Je savais qu’il y avait un magasin bio dans mon centre-ville, en face de la poste. C’était mon instructrice en locomotion qui me l’avait dit lors d’un repérage de quartier. Je marchais dans les rues avec ma canne blanche, elle m’apprenait à m’en servir correctement et me décrivait ce qu’il y avait dans les alentours: passages piétons, commerces, cafés… C’était à l’époque lointaine où je n’avais pas encore Manille, alors jeune labrador à la carrière fort prometteuse. Pour être plus précise, ce repérage datait de 2018. Autant dire que non seulement je ne savais plus exactement où était situé le magasin, mais en plus depuis le temps il pouvait très bien avoir disparu.
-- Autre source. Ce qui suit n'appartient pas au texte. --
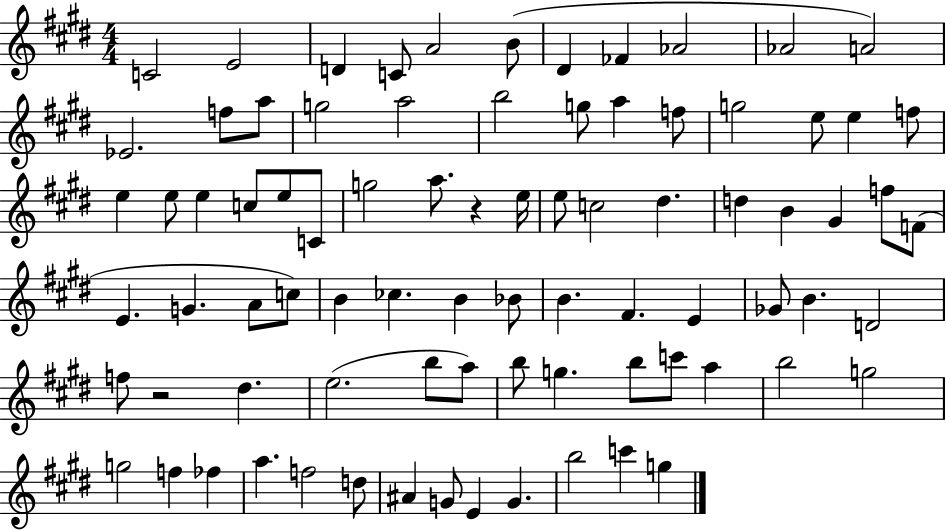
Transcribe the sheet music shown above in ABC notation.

X:1
T:Untitled
M:4/4
L:1/4
K:E
C2 E2 D C/2 A2 B/2 ^D _F _A2 _A2 A2 _E2 f/2 a/2 g2 a2 b2 g/2 a f/2 g2 e/2 e f/2 e e/2 e c/2 e/2 C/2 g2 a/2 z e/4 e/2 c2 ^d d B ^G f/2 F/2 E G A/2 c/2 B _c B _B/2 B ^F E _G/2 B D2 f/2 z2 ^d e2 b/2 a/2 b/2 g b/2 c'/2 a b2 g2 g2 f _f a f2 d/2 ^A G/2 E G b2 c' g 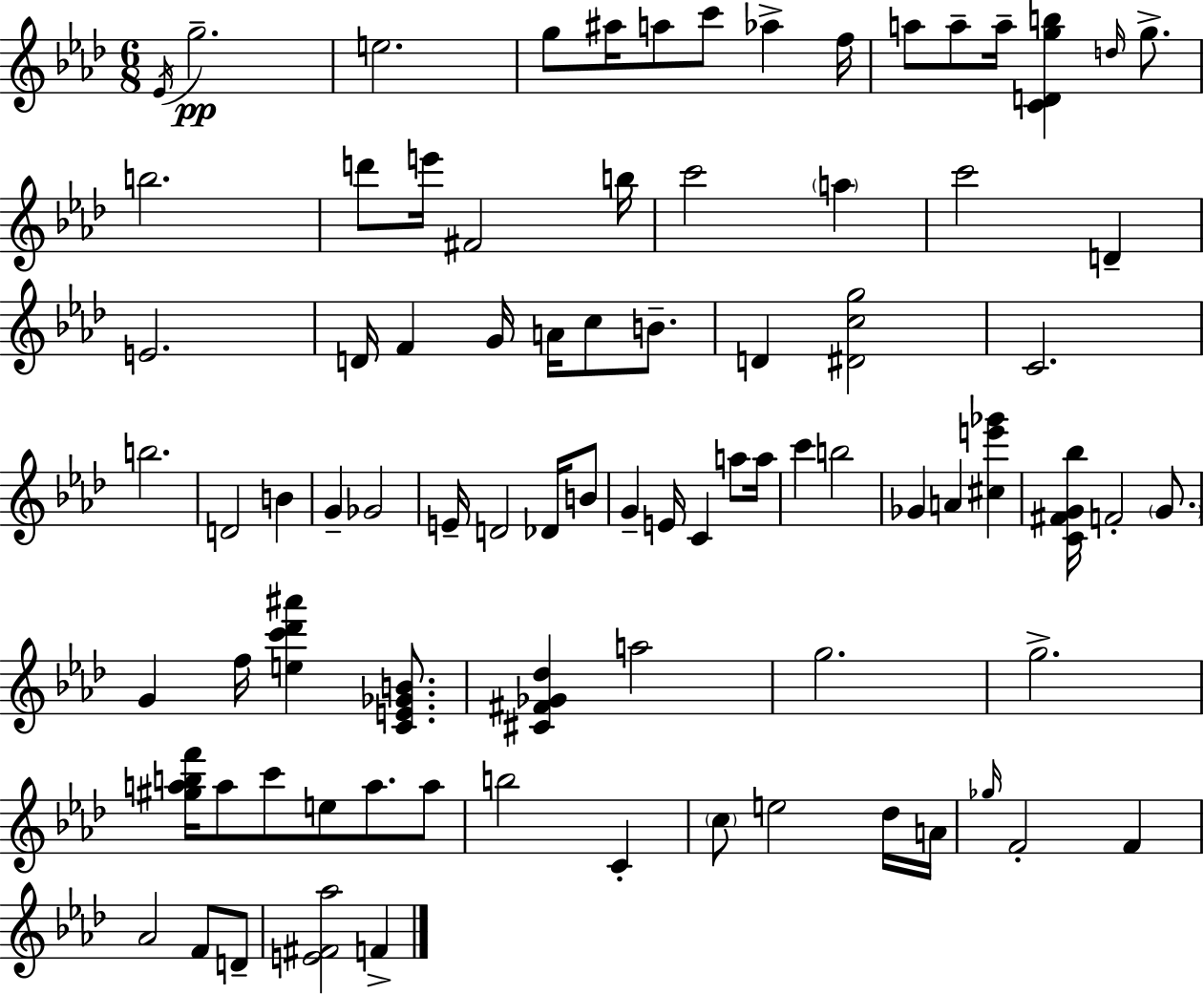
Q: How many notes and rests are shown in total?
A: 84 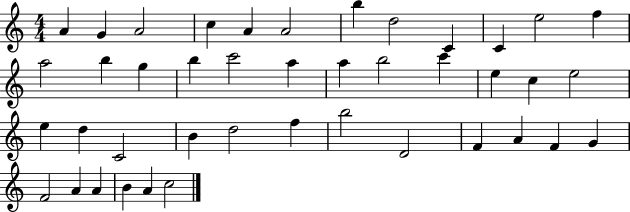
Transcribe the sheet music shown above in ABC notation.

X:1
T:Untitled
M:4/4
L:1/4
K:C
A G A2 c A A2 b d2 C C e2 f a2 b g b c'2 a a b2 c' e c e2 e d C2 B d2 f b2 D2 F A F G F2 A A B A c2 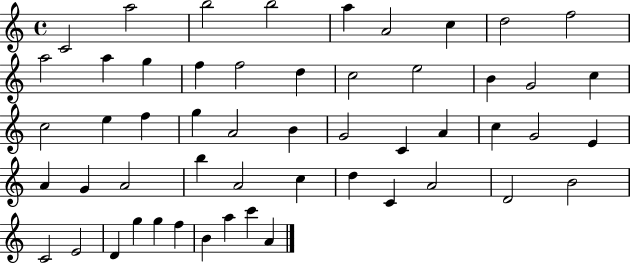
X:1
T:Untitled
M:4/4
L:1/4
K:C
C2 a2 b2 b2 a A2 c d2 f2 a2 a g f f2 d c2 e2 B G2 c c2 e f g A2 B G2 C A c G2 E A G A2 b A2 c d C A2 D2 B2 C2 E2 D g g f B a c' A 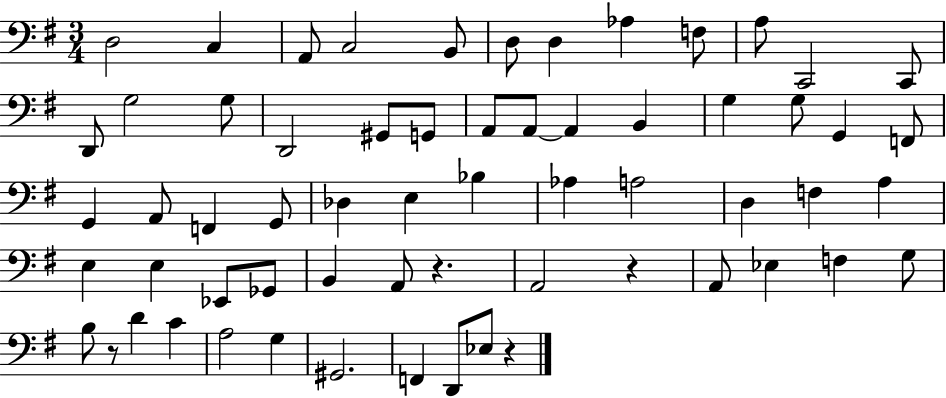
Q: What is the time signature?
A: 3/4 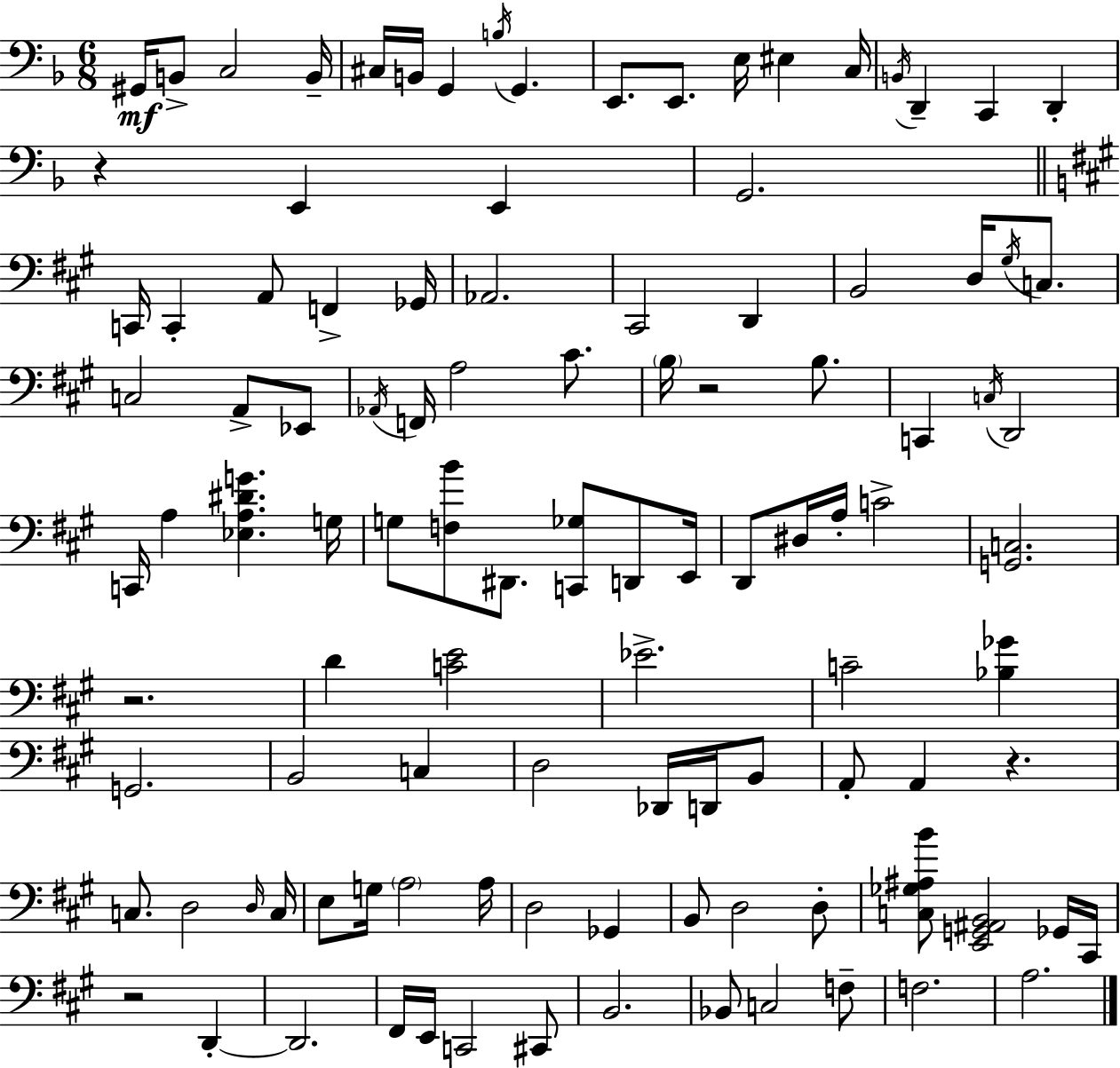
G#2/s B2/e C3/h B2/s C#3/s B2/s G2/q B3/s G2/q. E2/e. E2/e. E3/s EIS3/q C3/s B2/s D2/q C2/q D2/q R/q E2/q E2/q G2/h. C2/s C2/q A2/e F2/q Gb2/s Ab2/h. C#2/h D2/q B2/h D3/s G#3/s C3/e. C3/h A2/e Eb2/e Ab2/s F2/s A3/h C#4/e. B3/s R/h B3/e. C2/q C3/s D2/h C2/s A3/q [Eb3,A3,D#4,G4]/q. G3/s G3/e [F3,B4]/e D#2/e. [C2,Gb3]/e D2/e E2/s D2/e D#3/s A3/s C4/h [G2,C3]/h. R/h. D4/q [C4,E4]/h Eb4/h. C4/h [Bb3,Gb4]/q G2/h. B2/h C3/q D3/h Db2/s D2/s B2/e A2/e A2/q R/q. C3/e. D3/h D3/s C3/s E3/e G3/s A3/h A3/s D3/h Gb2/q B2/e D3/h D3/e [C3,Gb3,A#3,B4]/e [E2,G2,A#2,B2]/h Gb2/s C#2/s R/h D2/q D2/h. F#2/s E2/s C2/h C#2/e B2/h. Bb2/e C3/h F3/e F3/h. A3/h. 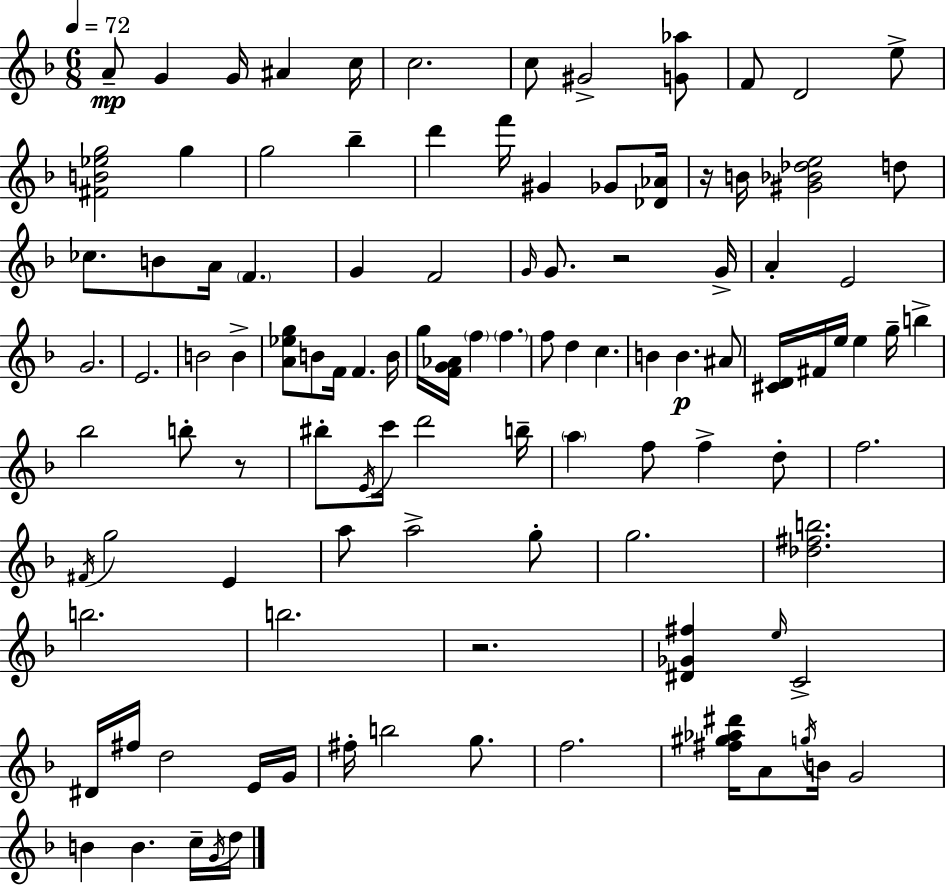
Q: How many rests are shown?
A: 4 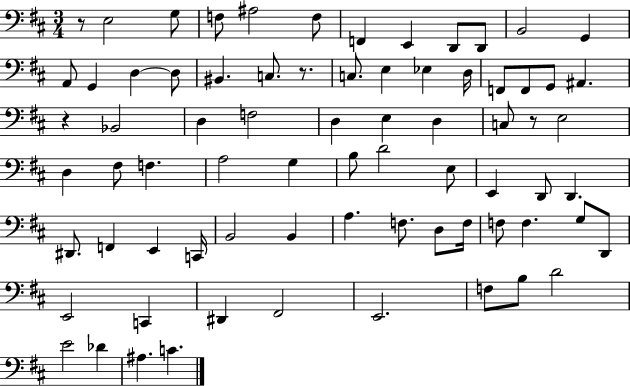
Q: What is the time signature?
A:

Pour preuve, il y a 3 mois de ça, j’étais rentée dans ce que je croyais être la librairie en face de la Poste. Je n’y avais jamais mis les pieds avant, mais comme pour le magasin bio je savais qu’il y avait une librairie en face de la poste. J’étais rentrée dans la boutique donc, en ayant un gros doute car je n’avais vu aucun livre dans la vitrine: « Heu bonjour, je cherche la librairie mais je crois que je me suis trompée ». Il y avait des gens autour d’une grande table ronde (le cercle des poètes disparus, comme les bouquins et les étagères d’ailleurs). Mon intervention avait provoqué un grand silence. Ou peut-être bien que c’était ma surdité, difficile à dire. Une fille avec un pull marinière avait proposé de m’accompagner. Elle m’avait donné son bras, on avait remonté la rue, puis traversé un passage piéton, puis encore remonté une rue. « Ohlala je ne comprends vraiment pas pourquoi je croyais que c’était là-bas », j’avais dit un peu gênée. Je n’avais pas entendu sa réponse à cause de la circulation. Le soir, Eren m’avait dit: « C’était bien la place de la librairie avant, ils l’ont déplacée lol ». Autant dire que potentiellement le magasin bio avait pu s’être volatilisé lui aussi.
« Il faut que j’aille au magasin bio mais j’ai peur », j’avais dit à Eren. Les lieux inconnus, les gens inconnus, les gens tout court, ça m’angoisse. Ça date de bien avant ma surdité et ma malvoyance, mais disons que ça ne s’arrange pas avec le temps. Eren a répondu: « Je peux y aller si tu veux ». C’était tentant de déléguer cette tâche, mais j’avais envie de me débrouiller. C’était mon défi: aller dans le centre-ville, trouver la boutique bio et acheter mon huile de coco.